The Government paid the engineering consultants WS Atkins pounds 11.5m to take the company off its hands in 1993. It has made a profit every year since then and, when the parent company was floated on the stock exchange in July, the former public-sector business turned out to be worth around pounds 50m.

Labour has condemned the deal as more evidence that the taxpayer has been "ripped off". Last week The Independent disclosed that the 1993 privatisation of the southern divisions of the Government Property Services Agency (PSA) had netted a profit of more than pounds 70m for the buyers.

The Manchester divisions of the PSA, which managed public buildings and building projects in the Midlands, North-west and Wales, were transferred to WS Atkins at the same time for a "negative consideration" of pounds 11.5m, in other words, the Government paid the new owners to take it away. This was despite the fact that it made profits of pounds 5.2m in the year before the transfer and has continued to earn about pounds 5m a year. WS Atkins has effectively kept the money and funded the restructuring of the company out of profits.

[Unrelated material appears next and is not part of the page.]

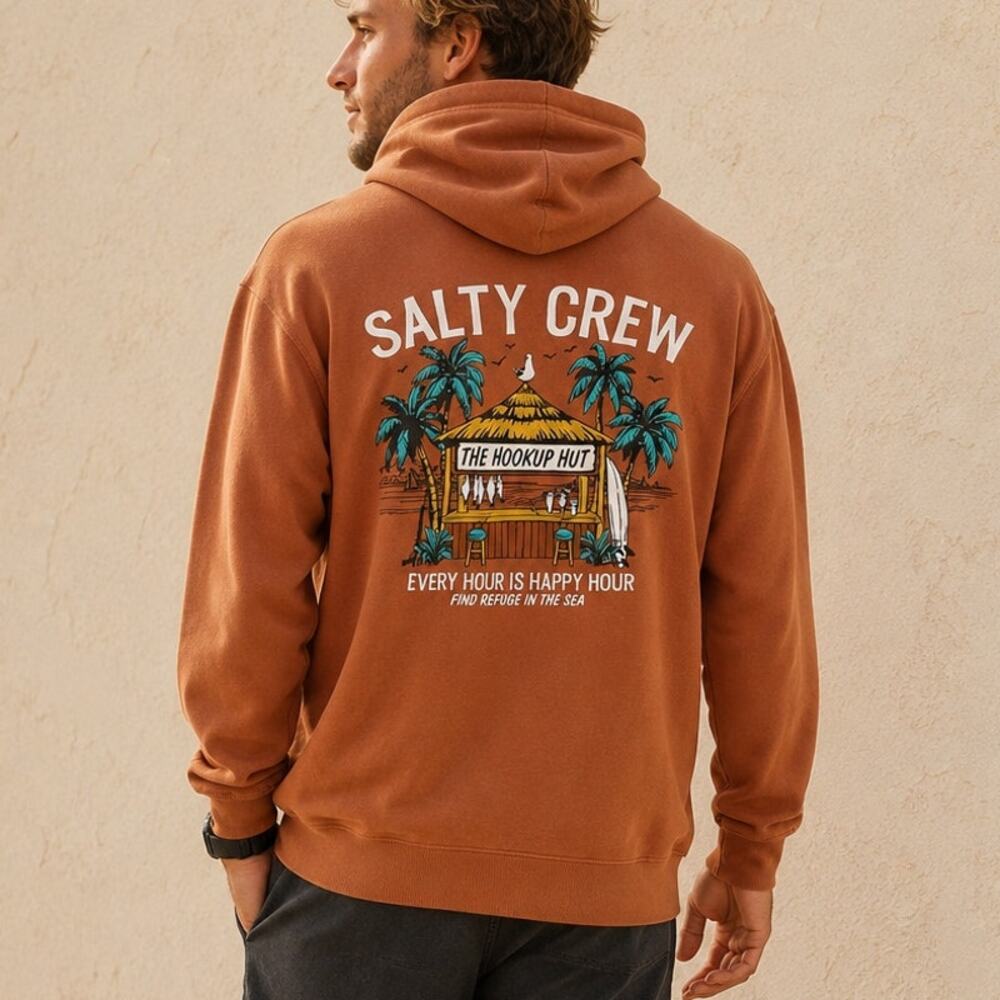 Salty Crew Hookup Hut Brown Graphic Hoodie Large Surf Fishing Pullover Coastal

In addition, the Government guaranteed contracts to manage Ministry of Defence buildings for five years and underwrote most of the potential redundancy bill in case the company folded. The National Audit Office, in a report earlier this year, criticised the Government's failure to negotiate a "clawback" clause if the company should be successful in the private sector.

Paul Jowers, a spokesman for the company, said: "Like all commercial operations, we took advantage of a situation and turned it into a good operation. Yes, it is phenomenally successful. We would maintain that it is because we are phenomenally successful managers."

Derek Foster, Labour's spokesman on the Civil Service, said: "This is another example of Tory privatisation dogma ripping off the taxpayer."

WS Atkins, a former Tory party contributor, was valued at pounds 197.8m when it was floated. The prospectus does not give a full breakdown of the performance of its subsidiaries, but the former PSA Manchester divisions, now called WS Atkins Facilities Management, contributes one-quarter of the group's pounds 20m-a-year profit, suggesting that it would be worth pounds 50m if sold as a separate entity.

The flotation prospectus said "facilities management performance since acquisition is strong" and the former PSA business "now makes an important contribution to group profits".

The beneficiaries of this apparent under-valuation by the Government include the family of the firm's founder, the late Sir William Atkins, which still owns 10 per cent of the company, and nine directors who own another 7 per cent between them. Michael Jeffries, 51, the group chief executive, has a shareholding worth pounds 3m.

WS Aitkins has recently moved into privatisations and government business; most of the former PSA work is for the Ministry of Defence and the company retains Sir Archie Hamilton, a defence minister until 1993, as a consultant.